Problem Description
Given two integer arrays nums1 and nums2 of the same length n, rearrange the elements of nums2 so that the XOR sum of corresponding elements (i.e. (nums1[0] XOR nums2[0]) + (nums1[1] XOR nums2[1]) + ... + (nums1[n-1] XOR nums2[n-1])) is minimized. You need to return the minimized XOR sum after the best rearrangement.
Key Insights
- There are n! possible rearrangements; since n can be up to 14, brute-forcing is too heavy.
- Use bitmask dynamic programming to represent which elements of nums2 have been used.
- Each DP state corresponds to a mask of used indices, where the number of set bits indicates the current index in nums1 to process.
- Transition by iterating over unused indices in nums2 and updating the mask.

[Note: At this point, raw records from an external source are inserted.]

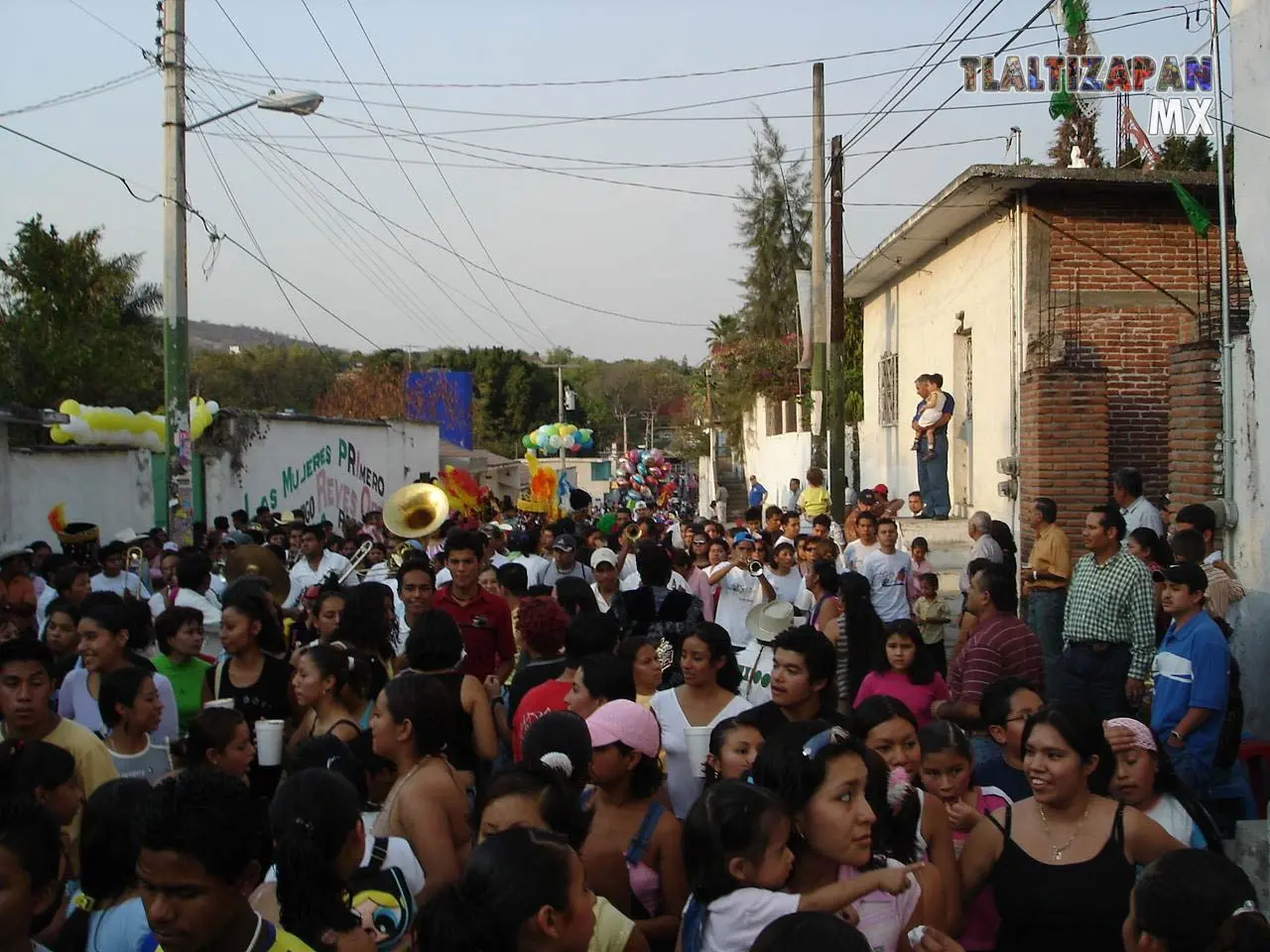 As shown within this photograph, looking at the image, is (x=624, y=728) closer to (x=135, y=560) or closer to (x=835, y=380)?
(x=135, y=560)

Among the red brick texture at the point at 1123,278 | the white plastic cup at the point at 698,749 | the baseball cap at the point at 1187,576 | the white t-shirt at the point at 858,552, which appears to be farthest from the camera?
the red brick texture at the point at 1123,278

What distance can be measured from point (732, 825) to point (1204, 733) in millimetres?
3520

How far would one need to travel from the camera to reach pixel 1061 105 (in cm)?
1269

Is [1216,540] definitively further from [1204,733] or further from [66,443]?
[66,443]

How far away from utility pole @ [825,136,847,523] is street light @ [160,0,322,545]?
25.1ft

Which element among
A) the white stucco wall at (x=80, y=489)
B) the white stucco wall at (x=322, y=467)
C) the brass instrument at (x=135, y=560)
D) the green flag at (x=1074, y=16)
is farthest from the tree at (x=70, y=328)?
the green flag at (x=1074, y=16)

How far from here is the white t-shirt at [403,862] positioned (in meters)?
3.38

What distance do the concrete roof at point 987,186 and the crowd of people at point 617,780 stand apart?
6.59 meters

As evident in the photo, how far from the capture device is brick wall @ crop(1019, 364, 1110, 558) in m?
12.1

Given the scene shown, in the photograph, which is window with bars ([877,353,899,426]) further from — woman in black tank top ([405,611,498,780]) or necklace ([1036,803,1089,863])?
necklace ([1036,803,1089,863])

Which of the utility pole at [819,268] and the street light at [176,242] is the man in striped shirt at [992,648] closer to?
the street light at [176,242]

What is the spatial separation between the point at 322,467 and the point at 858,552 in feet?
Result: 58.1

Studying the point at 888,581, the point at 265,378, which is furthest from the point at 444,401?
the point at 888,581

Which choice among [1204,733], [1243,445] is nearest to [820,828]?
[1204,733]
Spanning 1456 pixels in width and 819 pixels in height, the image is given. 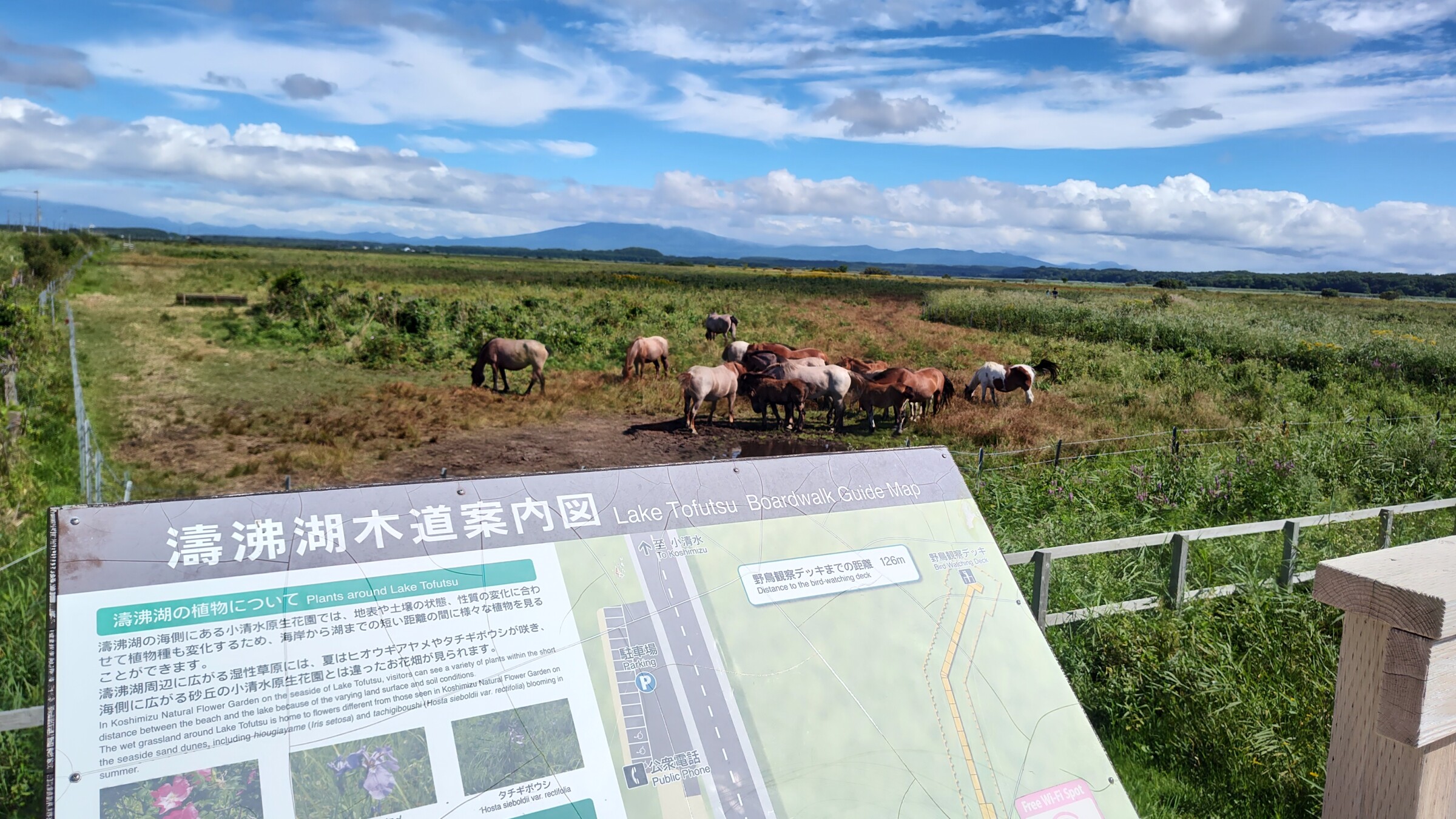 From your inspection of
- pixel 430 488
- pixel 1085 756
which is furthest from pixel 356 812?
pixel 1085 756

- Time complexity is O(n * 2^n), which is acceptable given the constraints.
Space and Time Complexity
Time Complexity: O(n * 2^n) Space Complexity: O(2^n) (for the memoization table)
Solution
We use a bitmask DP approach. Define a function dp(mask) where mask is a bitmask representing which elements in nums2 have been paired. Let cnt be the number of set bits in mask which tells us the current index in nums1 we are processing. For every unused index in nums2 (i.e., where the bit is not set), we try pairing nums1[cnt] with that nums2 element and update the mask accordingly, adding the XOR value. We take the minimum sum among all choices. Memoization is used to avoid recomputation. The base case is when mask has all bits set; then all elements are paired so we return 0.